== TASK STATEMENT ==
When copying the data below, keep only the lines from the one with "Русија ќе додаде" through the one with "Pantofi Halo Runner - 68975, Negru", word for word, and skip the pictures.

== GIVEN DATA ==

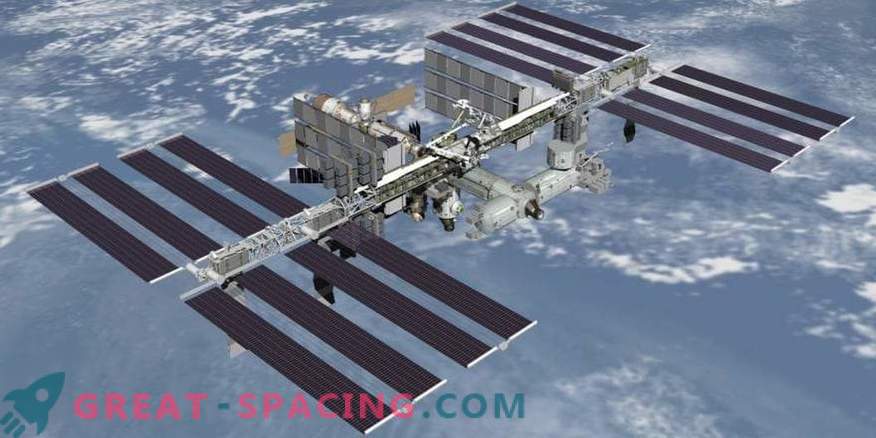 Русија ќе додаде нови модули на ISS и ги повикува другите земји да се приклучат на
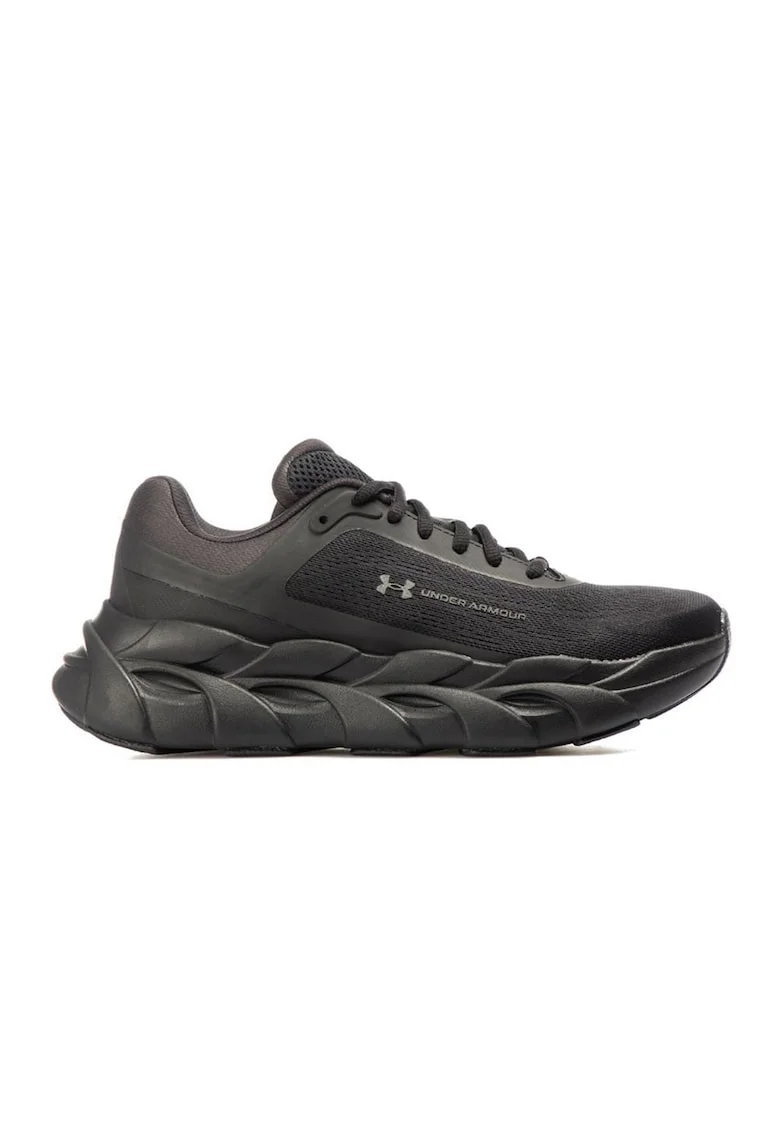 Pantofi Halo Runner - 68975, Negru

...

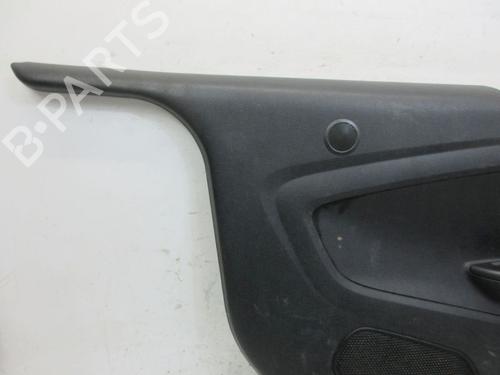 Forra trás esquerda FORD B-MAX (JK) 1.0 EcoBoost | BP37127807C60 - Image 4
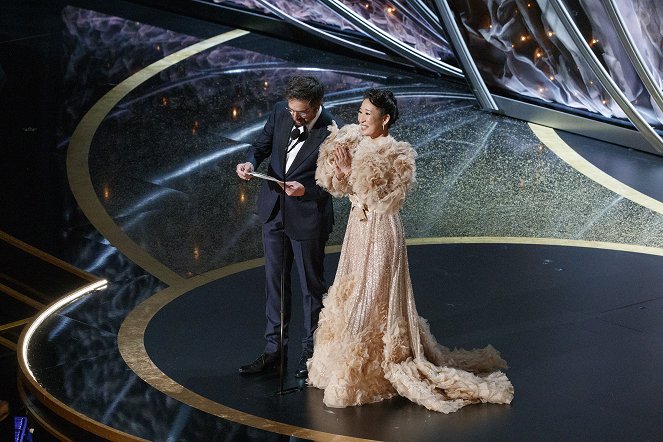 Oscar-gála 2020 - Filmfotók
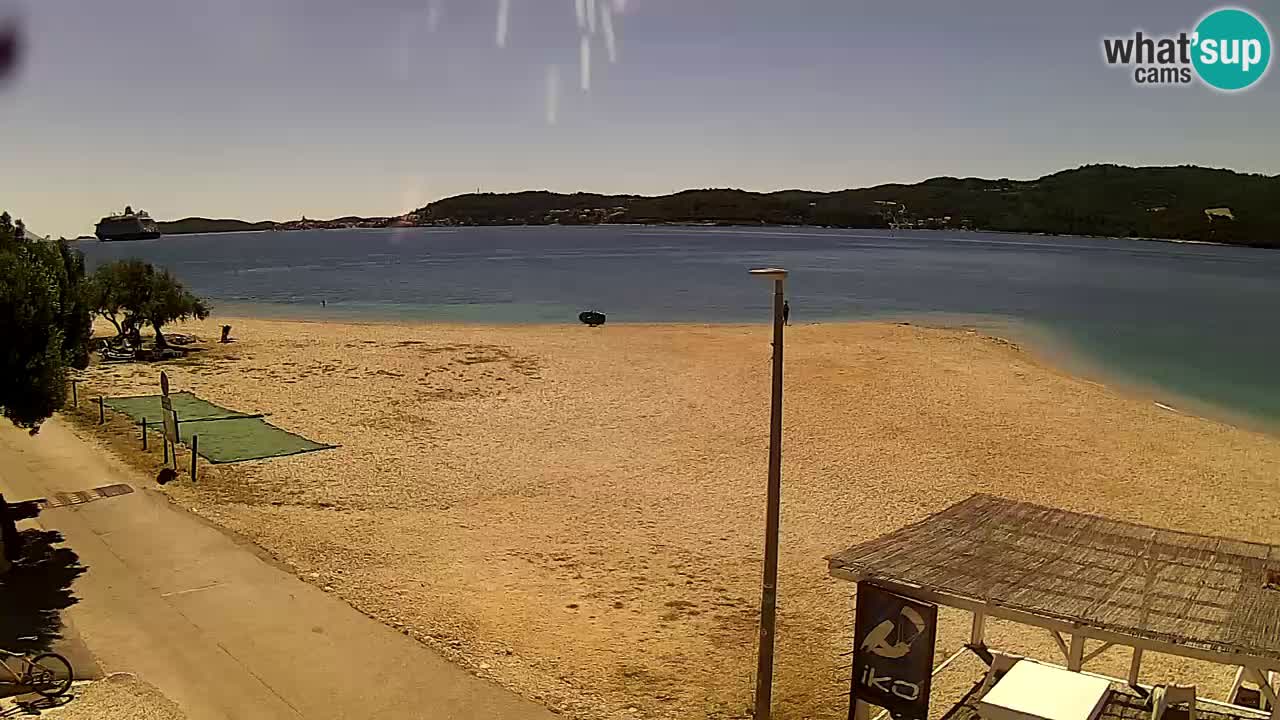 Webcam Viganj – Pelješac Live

== OUTPUT FOR THIS EXERCISE ==
 Русија ќе додаде нови модули на ISS и ги повикува другите земји да се приклучат на
 Pantofi Halo Runner - 68975, Negru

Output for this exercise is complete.